# ..., and my next trick will be...



## Keefis (May 4, 2012)

I don't think she liked you looking at her.. She is just prudent, thats all.


----------



## shannonswyatt (May 7, 2012)

Gosh, sorry to see that. Earlier in the year I was feeding with a glass jar feeder, but swapping it out really wasn't for the faint of heart as I had to reach into the hive to put pull it out and put in a new one. I did that for a few days with a glove on, but I also would get a lot of bees behind the follower board. I ended up making a feeder in the follower board that I could fill without disturbing the bees. The only problem with that type of feeder is when refilling it there are always a ton of bees in there. You have to fill it very slowly to avoid drowning bees. Plus while it is easy to make one, it would not be easy to make ten.

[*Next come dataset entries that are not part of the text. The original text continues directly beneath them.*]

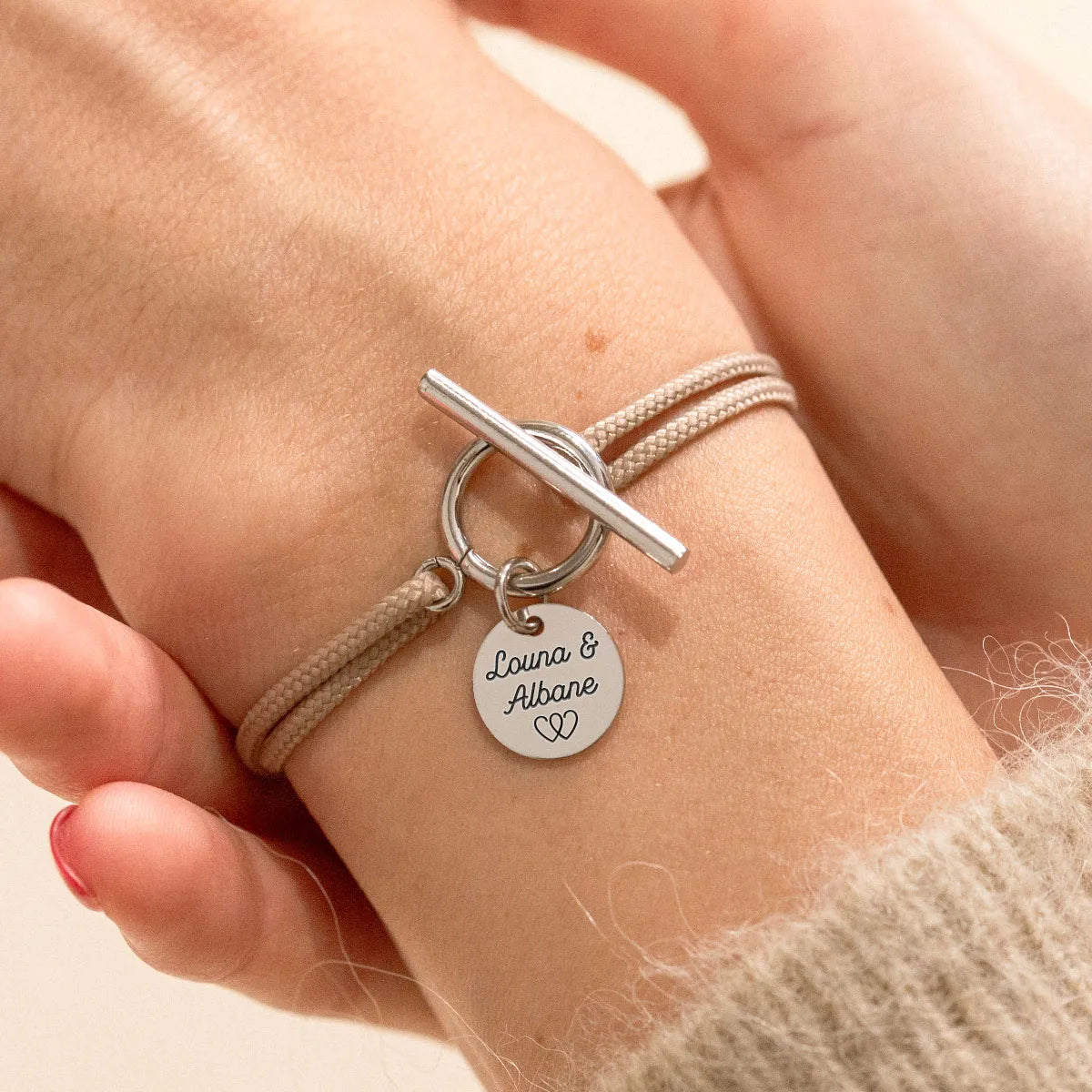 Bracelet femme cordon Fermoir et médaille à personnaliser - Acier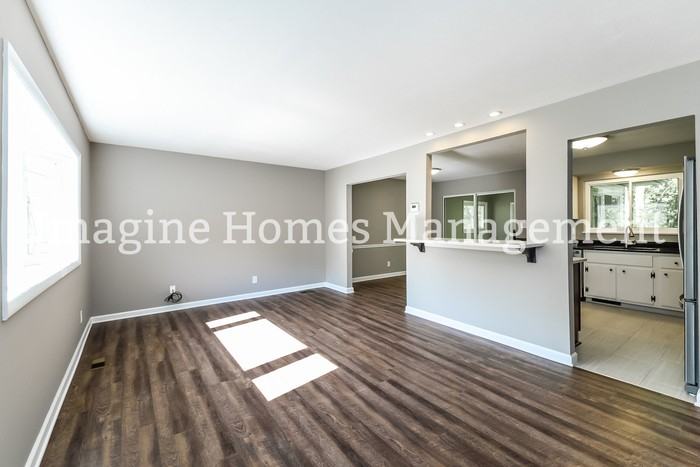 6488 Glenallen Ave - Photo 5 of 22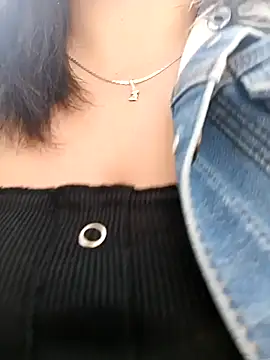 Cristal  04 online show from 22, 1, 2025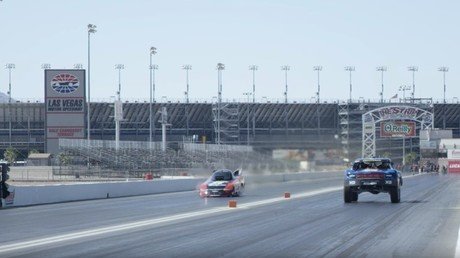 Esto es lo que pasa cuando un todoterreno de 850 caballos reta a un bólido de 10.000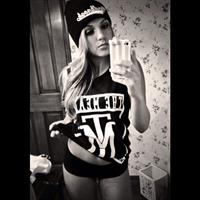 Lauren Mariee taking a selfie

I was thinking that I make a gravity feeder that sits on a board on the backside of the follower board, It would be easier to refill and easier to make (I think). Just cut a slow in the bottom of the follower to slide the feeder end through. If not using the feeder it could be closed with a piece of wood.


----------



## mgolden (Oct 26, 2011)

Looks at bit sore! 

I have quit taking the chance. Very easy to slip on a mosquito net over the head and a pair of long cuffed heavy cleaning gloves for these small jobs. Net is $3 and gloves are $6. Bees don't find the cuffs or the somewhat loose elastic around the neck and I'm sting free this year.


----------



## WWW (Feb 6, 2011)

Hoosier, that is quite a sucker punch you have there, thanks for sharing, these types of posts serve to remind all of us of the possibilities.


----------



## Hoosier (Aug 11, 2011)

*Shannonswyatt, I have a 1 1/2-ince bar divided into three 1/2-inch strips; the middle section has an empty slot about 8 inches long where they can go up into the feeder's feeding area on one end. All four corners have caulk in them to keep the bees from using the tunnels on the sides so that they can not go to the other end. I've only had to move it farther back one time. Soon I'm going to make a video of it for YouTube. *


----------



## Hoosier (Aug 11, 2011)

*
Thanks, all, for the replies. After three days, all of the swelling has gone and my exceedingly magnificent good looks have returned. *


----------



## shannonswyatt (May 7, 2012)

Sweet.


----------